Materials and methods

Study population

Participants in the present trial were 35- to 70-year-old T2D patients with body mass index (BMI) higher than 18.5 kg/m2 who had attended Shahid Ghasem Clinic, Sari, Iran for medical care. All participants were diagnosed with diabetes during the last 1–10 years according to Standards of Medical Care in Diabetes Guidelines (American Diabetes Association 2019) and were treated with oral hypoglycemic agents. Patients were not included in the trial if they were suffering from inflammatory diseases, hepatic, and renal disorders or had a history of micro-and macro-vascular diseases (such as a history of angioplasty and foot vascular surgery) or COVID-19. Patients with an HgA1c ≥ 11 or those who consume multivitamin and mineral/herbal supplementary medications, glucocorticoids, nonsteroidal anti-inflammatory drugs, and nitrate-containing drugs such as nitroglycerin, isosorbide, nitropress, etc., during last 3 months and individuals who had been on a weight loss diet within the last 6 months were also excluded from the study. We also excluded any patients who were or became pregnant and/or breastfeeding during the study period. The clinical trial was carried out between October 2018 and December 2019 and was conducted in accordance with the Declaration of Helsinki and the Consolidated Standards of Reporting Trials (CONSORT) statement for randomized trials [21]. At the baseline, the study goals were described to all participants, and written informed consent was completed by each participant. Patients were asked to keep their routine dietary intake, physical activity habits, and usual medicine intake during the study; otherwise, they were excluded from the study. The study protocol was approved by the Ethics Committee of the National Nutrition and Food Technology Research Institute of Iran (IR.SBMU.nnftri.Rec.1399.035). This clinical trial was registered at the Iranian Registry of Clinical Trials (IRCT) with the following identification: IRCT20150815023617N5.

Study design and measurements

The present clinical trial was a simply randomized, parallel-group, controlled, open-label study. Block randomization method using a computer algorithm, written in SAS® (Cary, NC), was used to randomly allocate participants to either the intervention group (BJ group) or the control group after matching for sex and age. The BJ group consumed 24 ml concentrated BJ each day between main meals at the same time in two doses for 12 weeks, and the control group received no intervention and was asked not to change their routine lifestyle for the same time.
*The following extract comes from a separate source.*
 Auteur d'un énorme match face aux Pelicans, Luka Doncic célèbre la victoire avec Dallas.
Concentrated BJ was prepared from fresh beetroot (Beta vulgaris var. Esculenta, Chenopodiaceae family) commercially (Takdaneh, Inc., Marand, Iran) without any additives. They administered 24 ml of concentrated BJ equivalent to 240 ml beetroot juice which contains 180 mg nitrate and 0.1 mg nitrite. Based on previous studies, daily consumption of 25 ml concentrated BJ does not increase the blood glucose levels in T2D patients [22]. During this trial, all the patients were advised to go on a low-nitrate diet which limited their intake of nitrate-rich foods such as cabbage, beetroot, rocket, spinach, mint, tarragon, radish, processed meat, etc. to allow the test results to be as clear as possible. This way, the patients received a minimum of 180 mg of nitrate daily, which is slightly lower than the accepted daily intake value (3.7 mg/kg for NO3 and 0.06 mg/kg for NO2) [23, 24].

Sample size

The study sample size was calculated using the sample size formula for randomized clinical trials. According to previous studies [25], assuming the statistical power of 0.80 and a significance of 0.05, in order to detect a significant difference of 28.6 mg/dl (SD:29 mg/dl) in the glucose level, a minimum of 19 subjects was determined for each study group. Due to the 20% potential drop-out of the patients, a total of 8 extra patients were added to the calculated sample size. Finally, 46 T2DM patients (23 participants in each study group) enrolled in the study.
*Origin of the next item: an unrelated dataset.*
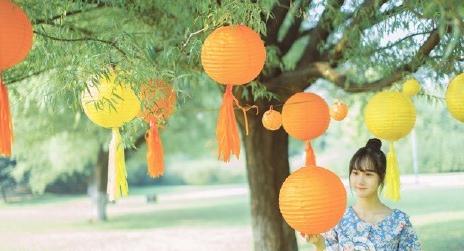 李彦漫灯笼写真 李彦漫高清写真_李彦漫高清剧照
Follow-up assessments and compliance

The study participants were contacted by phone every 15 days to verify if they have any problems with the consumption of concentrated BJ and inquired regarding possible side effects. A bottle of concentrated BJ, adequate for 30 days, was given to the BJ group at baseline. The second and the third bottles were given at the follow-up visits within 4 weeks. The concentrated BJ was stored at 0 to 1 °C before distribution, and the BJ group was asked to keep it at refrigerator temperature (less than 5 °C). After 12 weeks, the participants were asked to return the unused bottles. The criteria for patient compliance were a minimum of 90%; thus, any patients who did not meet this standard were regarded as noncompliant and removed from the trial. The participants’ compliance was evaluated based on the number of returned bottles. Plasma nitrate and nitrite were measured at the baseline and after 12 weeks of intervention.

Anthropometric, dietary, and physical activity assessment

A general questionnaire, regarding demographic information, present illnesses, drug history, duration of diabetes, and prescribed medications, was filled out at baseline. Height, weight, as well as waist and hip circumferences, were measured by an expert nutritionist at the baseline and the end of the study. Weight was measured using a calibrated Seca balance scale (Seca, Hamburg, Germany), with a precision of 0.1 kg, while subjects were wearing light clothing and no shoes. Height was measured using a stadiometer (Seca, Hamburg, Germany), while subjects were standing without shoes, with their shoulders in a normal position. Waist and hip circumferences were measured using flexible tape. Waist circumference (WC) was measured at the midpoint between the iliac crest and the lowest rib. Hip circumference (HC) was measured around the widest portion of the buttocks. BMI and waist-to-hip ratio (WHR) were calculated according to WHO recommendations [25].

Dietary intake during the study period was measured using 24-h dietary recalls over 3 days (one weekend and two weekdays) at the beginning and end of the study. The first recall was recorded by a professional dietitian during an in-person meeting, and the other two were recorded over the phone. The analysis was done using the Nutritionist IV software (N Squared Computing, San Bruno, CA) modified for Iranian foods. Physical activity was also evaluated at the baseline and the end of the study using a validated semi-quantitative questionnaire based on metabolic equivalent (MET)-min/week values [25]. Systolic and diastolic blood pressure was measured twice in 10-min intervals at baseline and at the end of the study for each patient. The mean values of blood pressure (BP) were then used in the study as analytic values [23].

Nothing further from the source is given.